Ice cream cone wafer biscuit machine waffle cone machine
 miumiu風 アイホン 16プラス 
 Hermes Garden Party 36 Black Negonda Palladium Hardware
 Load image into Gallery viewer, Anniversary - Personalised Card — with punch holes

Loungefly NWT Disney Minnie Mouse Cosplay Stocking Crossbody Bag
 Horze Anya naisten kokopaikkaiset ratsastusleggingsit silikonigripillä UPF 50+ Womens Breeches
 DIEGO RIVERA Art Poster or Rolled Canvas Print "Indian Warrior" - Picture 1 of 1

▬▬▬

Would you repeat each of the lines above exactly?

• [Solved exercise]:
Ice cream cone wafer biscuit machine waffle cone machine
 miumiu風 アイホン 16プラス 
 Hermes Garden Party 36 Black Negonda Palladium Hardware
 Load image into Gallery viewer, Anniversary - Personalised Card — with punch holes

Loungefly NWT Disney Minnie Mouse Cosplay Stocking Crossbody Bag
 Horze Anya naisten kokopaikkaiset ratsastusleggingsit silikonigripillä UPF 50+ Womens Breeches
 DIEGO RIVERA Art Poster or Rolled Canvas Print "Indian Warrior" - Picture 1 of 1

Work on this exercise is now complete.